Task description:
Starting at the line with "Hyperreal athletic portrait" and ending at the line with "Triple Gourd Table", print exactly the lines of the entries below. Pictures do not belong in the copy.

(Records provided Opens)

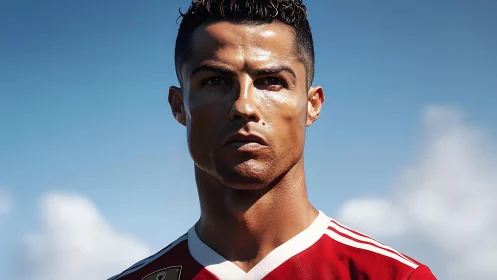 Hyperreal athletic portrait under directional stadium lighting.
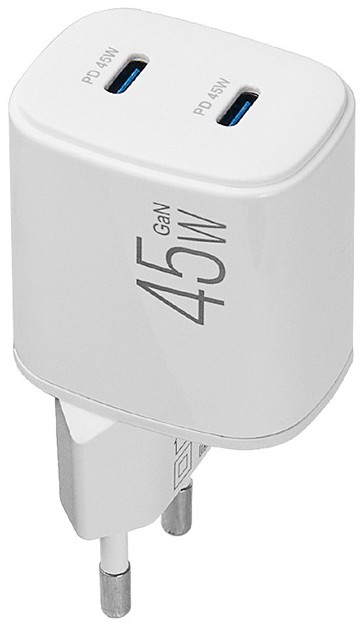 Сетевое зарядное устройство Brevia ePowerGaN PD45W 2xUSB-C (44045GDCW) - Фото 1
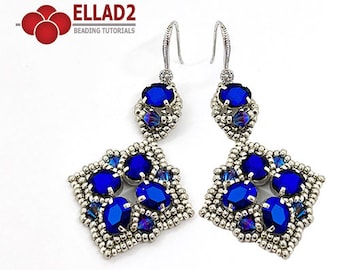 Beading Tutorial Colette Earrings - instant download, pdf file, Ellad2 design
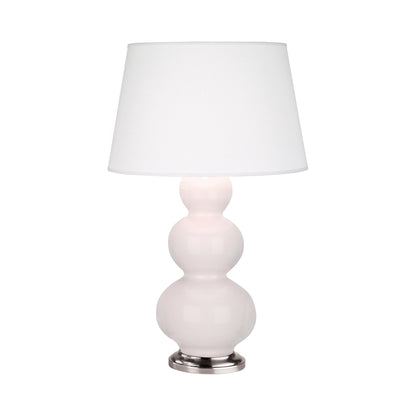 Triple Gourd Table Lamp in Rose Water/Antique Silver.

(Records provided Closes)
(Records provided Opens)

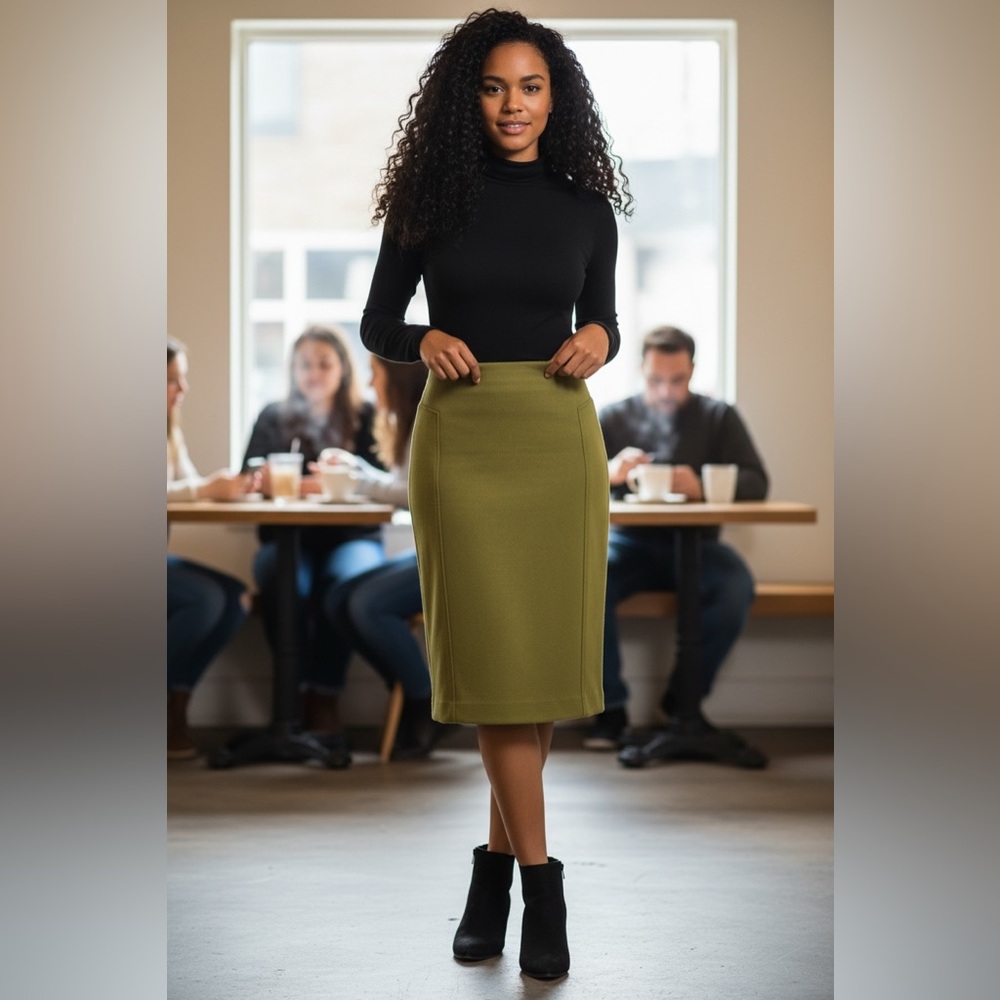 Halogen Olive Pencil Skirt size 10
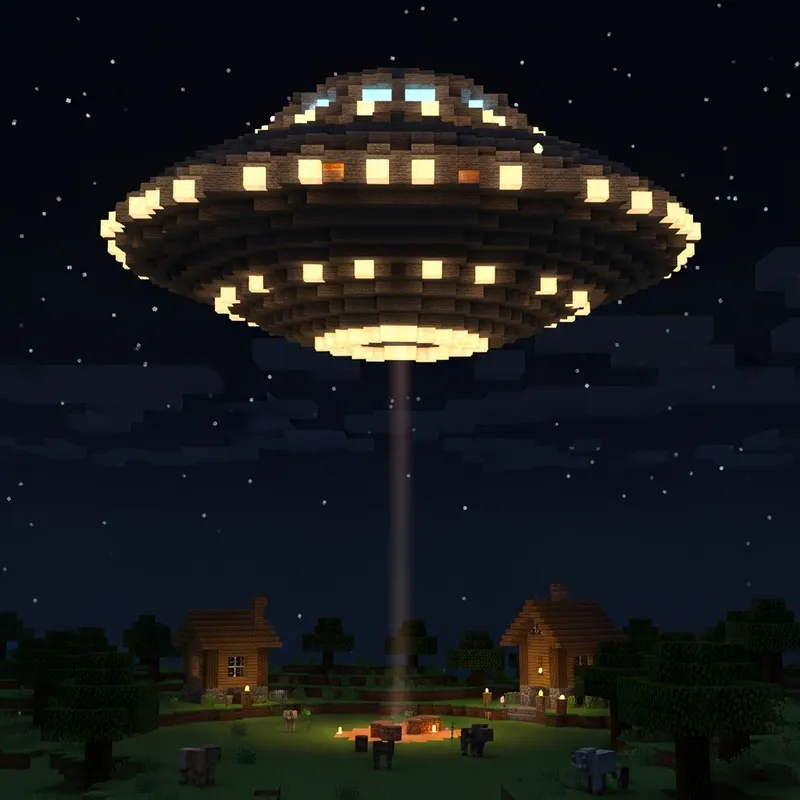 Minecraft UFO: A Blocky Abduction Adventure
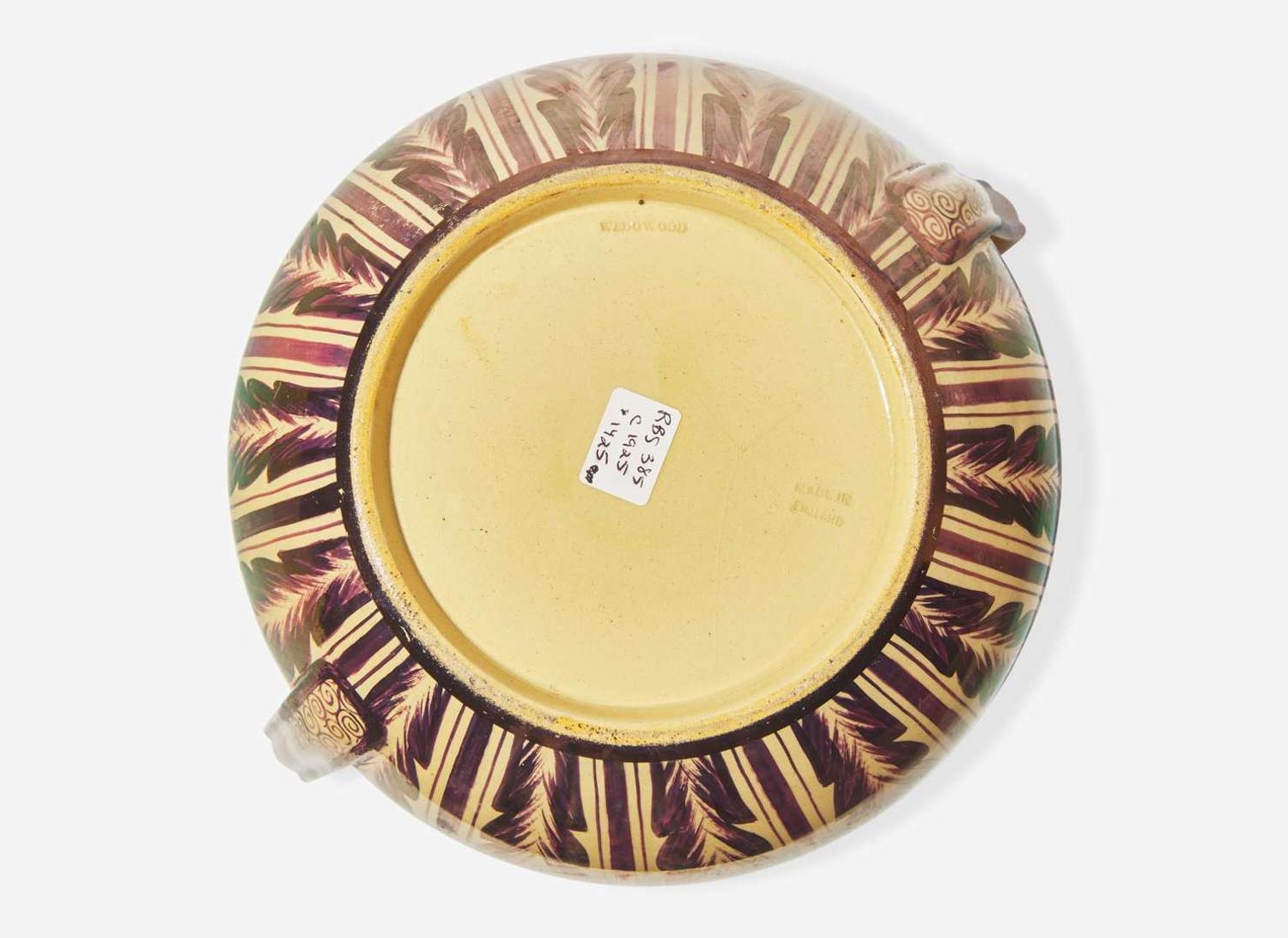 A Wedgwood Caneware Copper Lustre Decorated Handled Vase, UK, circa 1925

(Records provided Closes)

Your solution:
 Hyperreal athletic portrait under directional stadium lighting.
 Сетевое зарядное устройство Brevia ePowerGaN PD45W 2xUSB-C (44045GDCW) - Фото 1
 Beading Tutorial Colette Earrings - instant download, pdf file, Ellad2 design
 Triple Gourd Table Lamp in Rose Water/Antique Silver.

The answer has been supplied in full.